When the sheikhs came in
It was in the mid-1970s that the threat to the Great Indian Bustard hit the public’s consciousness in a big way — all thanks to the well-publicised exploits of a group of Arab sheikhs who drove into Jaisalmer and started butchering the birds in the garb of falconry, which involves hunting small animals and birds with falcons.
The ensuing nationwide outcry led to the creation of the Tourism and Wildlife Society of India, a pressure group that has had among its members the late Maharani Gayatri Devi of Jaipur, naturalist Salim Ali, and cricketer Raj Singh Dungarpur.
Harsh Vardhan, who was appointed the secretary of the society, has over the years emerged as the loudest voice for the Great Indian Bustard.
Speaking to ThePrint, Vardhan said captive breeding of the Great Indian Bustard was recommended way back in 1980, at the first-ever Indian Symposium for Bustards held in Jaipur.
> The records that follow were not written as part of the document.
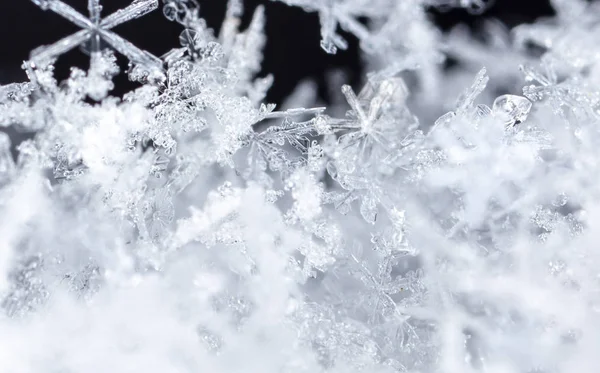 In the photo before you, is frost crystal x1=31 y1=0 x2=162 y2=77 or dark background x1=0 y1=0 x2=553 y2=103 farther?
dark background x1=0 y1=0 x2=553 y2=103

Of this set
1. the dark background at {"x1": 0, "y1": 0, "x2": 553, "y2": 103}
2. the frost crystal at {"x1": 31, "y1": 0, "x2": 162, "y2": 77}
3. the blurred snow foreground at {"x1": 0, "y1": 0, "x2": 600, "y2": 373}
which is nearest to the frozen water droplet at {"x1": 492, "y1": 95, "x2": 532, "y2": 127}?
the blurred snow foreground at {"x1": 0, "y1": 0, "x2": 600, "y2": 373}

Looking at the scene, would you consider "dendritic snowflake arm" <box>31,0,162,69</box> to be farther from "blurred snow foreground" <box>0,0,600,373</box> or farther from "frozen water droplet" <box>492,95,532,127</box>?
"frozen water droplet" <box>492,95,532,127</box>

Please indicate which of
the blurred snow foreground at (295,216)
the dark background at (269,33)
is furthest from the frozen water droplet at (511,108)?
the dark background at (269,33)

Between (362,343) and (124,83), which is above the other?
(124,83)

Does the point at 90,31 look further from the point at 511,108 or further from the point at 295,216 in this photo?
the point at 511,108

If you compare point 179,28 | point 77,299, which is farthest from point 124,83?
point 77,299

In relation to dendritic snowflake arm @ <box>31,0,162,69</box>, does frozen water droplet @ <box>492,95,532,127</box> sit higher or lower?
lower

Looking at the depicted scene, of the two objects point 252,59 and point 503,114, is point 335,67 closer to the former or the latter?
point 252,59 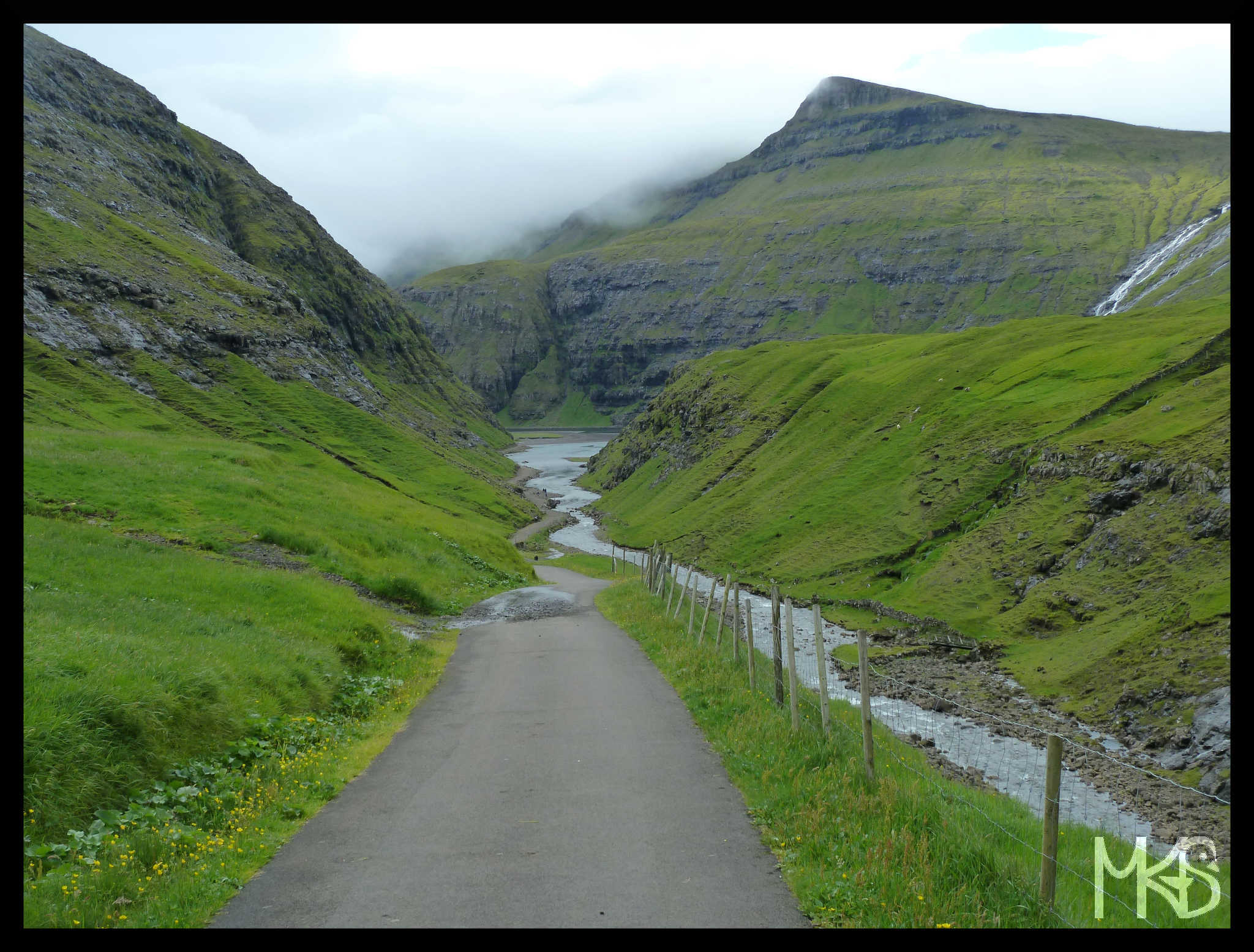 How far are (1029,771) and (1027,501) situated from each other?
2655 centimetres

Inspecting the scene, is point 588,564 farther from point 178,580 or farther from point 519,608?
point 178,580

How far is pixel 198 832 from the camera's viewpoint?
11.4m

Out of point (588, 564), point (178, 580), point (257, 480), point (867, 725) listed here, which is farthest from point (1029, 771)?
point (588, 564)

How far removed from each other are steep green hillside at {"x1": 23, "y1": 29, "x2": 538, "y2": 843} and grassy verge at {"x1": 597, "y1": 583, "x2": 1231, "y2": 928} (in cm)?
1069

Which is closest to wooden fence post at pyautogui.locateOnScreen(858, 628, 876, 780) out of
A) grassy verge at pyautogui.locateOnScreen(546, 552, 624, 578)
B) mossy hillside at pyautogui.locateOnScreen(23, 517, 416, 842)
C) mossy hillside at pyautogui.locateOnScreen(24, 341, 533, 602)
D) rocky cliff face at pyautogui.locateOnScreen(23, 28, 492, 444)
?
mossy hillside at pyautogui.locateOnScreen(23, 517, 416, 842)

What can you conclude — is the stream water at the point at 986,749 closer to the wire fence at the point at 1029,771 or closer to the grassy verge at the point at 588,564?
the wire fence at the point at 1029,771

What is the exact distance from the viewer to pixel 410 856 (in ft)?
36.1

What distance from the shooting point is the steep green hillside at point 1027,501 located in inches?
1102

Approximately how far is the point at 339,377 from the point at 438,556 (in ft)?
320

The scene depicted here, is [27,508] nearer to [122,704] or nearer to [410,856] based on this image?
[122,704]

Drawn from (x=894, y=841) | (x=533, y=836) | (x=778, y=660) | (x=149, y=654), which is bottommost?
(x=533, y=836)

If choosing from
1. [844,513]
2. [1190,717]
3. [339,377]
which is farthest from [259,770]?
[339,377]

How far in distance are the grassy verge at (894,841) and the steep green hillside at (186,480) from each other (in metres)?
10.7

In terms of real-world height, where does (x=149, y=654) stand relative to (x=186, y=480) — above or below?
below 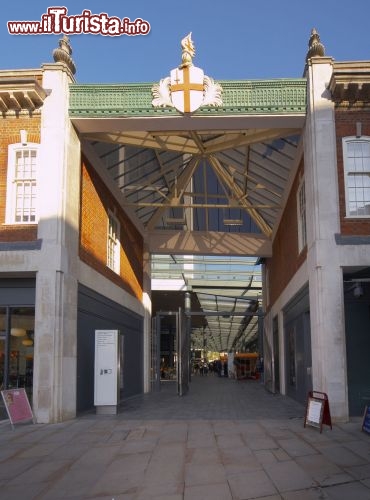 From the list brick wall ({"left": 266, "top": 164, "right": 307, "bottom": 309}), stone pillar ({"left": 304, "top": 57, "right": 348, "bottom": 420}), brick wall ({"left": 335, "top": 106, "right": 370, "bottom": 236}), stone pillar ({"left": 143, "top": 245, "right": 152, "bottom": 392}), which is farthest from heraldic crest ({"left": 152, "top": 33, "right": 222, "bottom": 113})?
stone pillar ({"left": 143, "top": 245, "right": 152, "bottom": 392})

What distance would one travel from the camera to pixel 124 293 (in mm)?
22266

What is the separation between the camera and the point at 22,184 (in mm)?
15031

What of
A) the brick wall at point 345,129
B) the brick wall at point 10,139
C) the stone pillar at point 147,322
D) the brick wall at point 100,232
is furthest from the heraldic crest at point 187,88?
the stone pillar at point 147,322

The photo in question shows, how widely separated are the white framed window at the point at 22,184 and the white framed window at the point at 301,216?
7497mm

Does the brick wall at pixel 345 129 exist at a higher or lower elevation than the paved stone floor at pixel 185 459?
higher

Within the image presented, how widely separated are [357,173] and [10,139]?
28.9 feet

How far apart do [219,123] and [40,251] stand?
5.70 meters

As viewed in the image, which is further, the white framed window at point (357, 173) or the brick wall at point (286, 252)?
the brick wall at point (286, 252)

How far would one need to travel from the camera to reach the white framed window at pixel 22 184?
14.8 metres

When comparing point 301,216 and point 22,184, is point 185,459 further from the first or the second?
point 301,216

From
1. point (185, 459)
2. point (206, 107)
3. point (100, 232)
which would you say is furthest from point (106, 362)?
point (206, 107)

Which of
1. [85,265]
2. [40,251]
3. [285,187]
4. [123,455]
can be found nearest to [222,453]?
[123,455]

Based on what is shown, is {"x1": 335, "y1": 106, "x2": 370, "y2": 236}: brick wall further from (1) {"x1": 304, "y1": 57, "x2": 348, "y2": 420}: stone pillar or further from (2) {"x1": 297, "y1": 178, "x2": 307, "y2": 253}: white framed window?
(2) {"x1": 297, "y1": 178, "x2": 307, "y2": 253}: white framed window

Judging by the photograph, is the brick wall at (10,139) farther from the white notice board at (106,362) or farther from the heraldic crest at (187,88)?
the white notice board at (106,362) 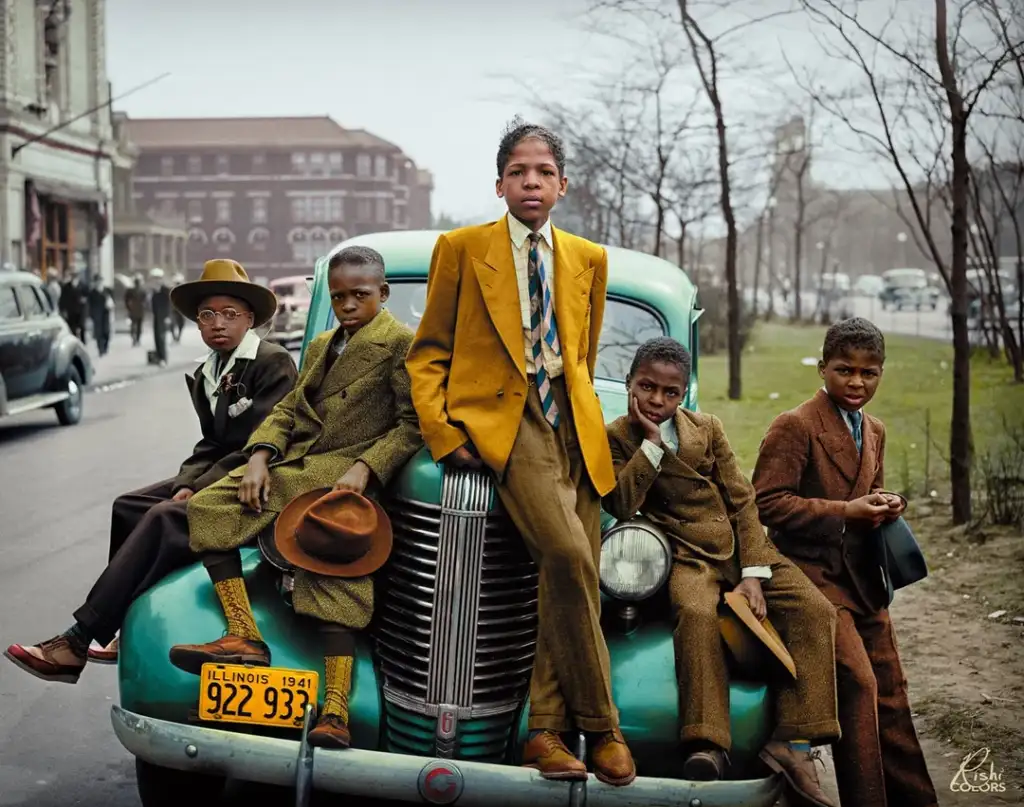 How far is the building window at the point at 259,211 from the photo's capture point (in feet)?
341

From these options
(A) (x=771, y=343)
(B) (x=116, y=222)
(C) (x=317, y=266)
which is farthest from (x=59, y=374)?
(B) (x=116, y=222)

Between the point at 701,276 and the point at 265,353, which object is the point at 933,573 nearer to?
the point at 265,353

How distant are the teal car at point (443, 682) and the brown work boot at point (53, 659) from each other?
0.41 m

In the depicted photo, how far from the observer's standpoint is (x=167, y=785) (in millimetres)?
4410

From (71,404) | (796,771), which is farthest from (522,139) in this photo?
(71,404)

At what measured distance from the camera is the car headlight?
4152mm

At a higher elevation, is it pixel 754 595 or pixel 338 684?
pixel 754 595

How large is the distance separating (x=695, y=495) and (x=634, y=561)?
0.31m

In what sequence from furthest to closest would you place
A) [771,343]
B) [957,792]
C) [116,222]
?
[116,222], [771,343], [957,792]

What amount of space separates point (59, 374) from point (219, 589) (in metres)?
13.4

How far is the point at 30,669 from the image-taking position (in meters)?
4.44

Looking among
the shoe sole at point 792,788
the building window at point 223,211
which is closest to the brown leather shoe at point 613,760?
the shoe sole at point 792,788

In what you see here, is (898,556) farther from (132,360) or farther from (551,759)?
(132,360)

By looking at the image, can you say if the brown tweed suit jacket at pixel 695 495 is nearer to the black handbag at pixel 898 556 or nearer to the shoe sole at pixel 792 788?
the black handbag at pixel 898 556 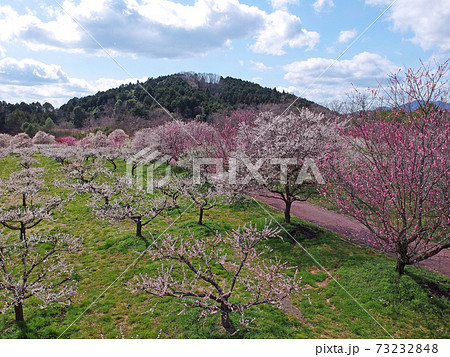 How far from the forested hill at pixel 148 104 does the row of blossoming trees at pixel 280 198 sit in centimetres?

“We are over three decades late. But at least the work on the bustard front has started finally,” he said. “I hope things will take a turn for the better.”
Over the years, a number of high-profile individuals have lent their support to the cause, including the late Prime Minister Atal Bihari Vajpayee.
In 1978 , even after the Jodhpur High Court put a ban on falconry — essentially to stop the sheikhs’ hunting spree in Jaisalmer — a hurdle still remained in the form of Jaisalmer’s prince, who supported the sheikhs and whose word carried considerable weight with people.
Vajpayee, then the External Affairs Minister, flew down to Jodhpur and persuaded the prince to let the court writ be accepted in spirit by the people of Jaisalmer. He agreed.
The author is a senior journalist and film-maker who writes on environment and wildlife.